- **Task goal**: For the entries below, the expected answer is the line with "Alt view image", the line with "Bluzat Brown Cream", and every line between them, exactly as written, and nothing more.

*** Input material

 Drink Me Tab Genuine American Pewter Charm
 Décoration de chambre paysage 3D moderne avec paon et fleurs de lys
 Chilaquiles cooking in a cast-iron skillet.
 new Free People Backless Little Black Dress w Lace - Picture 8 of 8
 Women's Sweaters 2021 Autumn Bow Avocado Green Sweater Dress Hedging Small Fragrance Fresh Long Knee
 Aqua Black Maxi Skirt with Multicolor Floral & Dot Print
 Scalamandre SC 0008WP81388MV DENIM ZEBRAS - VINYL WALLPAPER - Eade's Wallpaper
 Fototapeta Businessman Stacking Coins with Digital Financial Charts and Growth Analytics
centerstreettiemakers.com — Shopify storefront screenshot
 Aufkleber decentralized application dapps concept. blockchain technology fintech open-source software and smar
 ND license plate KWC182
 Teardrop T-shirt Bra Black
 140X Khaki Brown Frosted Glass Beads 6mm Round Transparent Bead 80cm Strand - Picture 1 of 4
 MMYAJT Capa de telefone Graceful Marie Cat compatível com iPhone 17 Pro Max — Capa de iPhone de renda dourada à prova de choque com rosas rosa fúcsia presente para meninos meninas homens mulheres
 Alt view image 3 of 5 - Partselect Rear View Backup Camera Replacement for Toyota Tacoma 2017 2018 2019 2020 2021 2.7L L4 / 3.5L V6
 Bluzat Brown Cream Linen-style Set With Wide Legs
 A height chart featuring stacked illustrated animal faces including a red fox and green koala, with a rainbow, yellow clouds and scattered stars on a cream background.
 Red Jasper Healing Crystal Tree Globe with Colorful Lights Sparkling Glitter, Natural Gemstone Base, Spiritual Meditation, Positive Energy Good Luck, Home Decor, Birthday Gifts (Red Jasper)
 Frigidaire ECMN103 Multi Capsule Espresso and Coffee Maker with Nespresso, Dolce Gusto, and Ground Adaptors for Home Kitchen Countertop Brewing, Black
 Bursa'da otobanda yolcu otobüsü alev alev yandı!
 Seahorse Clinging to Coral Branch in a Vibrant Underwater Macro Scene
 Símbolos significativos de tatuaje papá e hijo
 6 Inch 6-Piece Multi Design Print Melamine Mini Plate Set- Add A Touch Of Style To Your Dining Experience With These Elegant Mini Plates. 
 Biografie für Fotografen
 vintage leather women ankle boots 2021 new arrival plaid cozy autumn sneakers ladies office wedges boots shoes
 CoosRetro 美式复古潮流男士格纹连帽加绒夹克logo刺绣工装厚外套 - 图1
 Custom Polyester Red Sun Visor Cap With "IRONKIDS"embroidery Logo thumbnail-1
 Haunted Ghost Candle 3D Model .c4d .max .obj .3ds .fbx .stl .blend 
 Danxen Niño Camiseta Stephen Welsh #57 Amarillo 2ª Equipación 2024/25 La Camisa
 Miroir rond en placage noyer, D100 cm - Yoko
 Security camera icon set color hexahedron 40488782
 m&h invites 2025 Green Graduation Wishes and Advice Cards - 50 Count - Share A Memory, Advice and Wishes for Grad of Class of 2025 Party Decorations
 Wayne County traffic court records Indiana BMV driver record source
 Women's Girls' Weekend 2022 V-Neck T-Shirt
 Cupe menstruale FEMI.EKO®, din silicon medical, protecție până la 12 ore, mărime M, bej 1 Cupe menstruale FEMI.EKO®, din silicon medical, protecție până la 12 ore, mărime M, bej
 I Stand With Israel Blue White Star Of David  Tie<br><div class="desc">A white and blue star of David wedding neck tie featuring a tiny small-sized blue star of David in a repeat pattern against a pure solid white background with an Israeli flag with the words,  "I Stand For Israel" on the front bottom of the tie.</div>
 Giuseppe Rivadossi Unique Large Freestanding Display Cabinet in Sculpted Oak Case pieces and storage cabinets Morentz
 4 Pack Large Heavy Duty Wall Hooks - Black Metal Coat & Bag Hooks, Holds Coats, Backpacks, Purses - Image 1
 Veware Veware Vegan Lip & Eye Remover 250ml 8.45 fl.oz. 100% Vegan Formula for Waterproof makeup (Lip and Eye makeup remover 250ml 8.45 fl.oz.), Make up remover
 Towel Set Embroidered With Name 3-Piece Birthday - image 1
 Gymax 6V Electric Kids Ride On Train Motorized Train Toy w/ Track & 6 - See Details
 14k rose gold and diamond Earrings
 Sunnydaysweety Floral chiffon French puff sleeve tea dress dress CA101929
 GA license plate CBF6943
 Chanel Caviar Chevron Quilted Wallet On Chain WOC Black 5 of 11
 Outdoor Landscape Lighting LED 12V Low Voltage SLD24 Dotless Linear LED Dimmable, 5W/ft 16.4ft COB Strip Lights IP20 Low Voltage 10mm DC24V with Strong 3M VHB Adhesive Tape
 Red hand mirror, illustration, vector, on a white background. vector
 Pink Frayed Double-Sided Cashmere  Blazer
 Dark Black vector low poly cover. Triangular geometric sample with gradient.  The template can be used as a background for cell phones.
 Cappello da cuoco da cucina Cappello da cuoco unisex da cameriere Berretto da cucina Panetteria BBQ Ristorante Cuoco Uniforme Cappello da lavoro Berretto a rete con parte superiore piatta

******

- **Solved exercise**:
 Alt view image 3 of 5 - Partselect Rear View Backup Camera Replacement for Toyota Tacoma 2017 2018 2019 2020 2021 2.7L L4 / 3.5L V6
 Bluzat Brown Cream Linen-style Set With Wide Legs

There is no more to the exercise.